Latent Diffusion for Internet of Things Attack Data Generation in Intrusion Detection

Intrusion Detection Systems (IDSs) are a key component for protecting Internet of Things (IoT) environments. However, in Machine Learning-based (ML-based) IDSs, performance is often degraded by the strong class imbalance between benign and attack traffic. Although data augmentation has been widely explored to mitigate this issue, existing approaches typically rely on simple oversampling techniques or generative models that struggle to simultaneously achieve high sample fidelity, diversity, and computational efficiency. To address these limitations, we propose the use of a Latent Diffusion Model (LDM) for attack data augmentation in IoT intrusion detection and provide a comprehensive comparison against state-of-the-art baselines. Experiments were conducted on three representative IoT attack types, specifically Distributed Denial-of-Service (DDoS), Mirai, and Man-in-the-Middle, evaluating both downstream IDS performance and intrinsic generative quality using distributional, dependency-based, and diversity metrics. Results show that balancing the training data with LDM-generated samples substantially improves IDS performance, achieving F1-scores of up to 0.99 for DDoS and Mirai attacks and consistently outperforming competing methods. Additionally, quantitative and qualitative analyses demonstrate that LDMs effectively preserve feature dependencies while generating diverse samples and reduce sampling time by approximately 25\% compared to diffusion models operating directly in data space. These findings highlight latent diffusion as an effective and scalable solution for synthetic IoT attack data generation, substantially mitigating the impact of class imbalance in ML-based IDSs for IoT scenarios.

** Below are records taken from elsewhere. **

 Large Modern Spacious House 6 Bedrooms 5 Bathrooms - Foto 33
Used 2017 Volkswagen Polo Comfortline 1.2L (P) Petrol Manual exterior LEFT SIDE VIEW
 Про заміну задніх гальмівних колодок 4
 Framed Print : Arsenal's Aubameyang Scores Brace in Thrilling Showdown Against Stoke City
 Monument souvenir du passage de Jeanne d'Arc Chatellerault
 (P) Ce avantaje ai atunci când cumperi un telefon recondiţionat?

翻译：入侵检测系统（IDS）是保护物联网（IoT）环境的关键组件。然而，在基于机器学习（ML）的IDS中，良性流量与攻击流量之间的严重类别不平衡往往导致性能下降。尽管数据增强技术已被广泛探索以缓解此问题，但现有方法通常依赖于简单的过采样技术或生成模型，这些方法难以同时实现高样本保真度、多样性和计算效率。为应对这些局限性，我们提出使用潜在扩散模型（LDM）进行物联网入侵检测中的攻击数据增强，并与最先进的基线方法进行了全面比较。实验针对三种代表性的物联网攻击类型——具体为分布式拒绝服务（DDoS）、Mirai和中间人攻击——展开，通过分布性、依赖性和多样性指标，评估了下游IDS性能和生成模型的内在生成质量。结果表明，使用LDM生成的样本平衡训练数据可显著提升IDS性能，对DDoS和Mirai攻击的F1分数最高可达0.99，且持续优于其他对比方法。此外，定量与定性分析表明，LDM在生成多样样本的同时能有效保持特征依赖性，并且与直接在数据空间运行的扩散模型相比，采样时间减少了约25%。这些发现凸显了潜在扩散模型作为一种有效且可扩展的合成物联网攻击数据生成方案，能够显著缓解物联网场景下基于机器学习的IDS中类别不平衡的影响。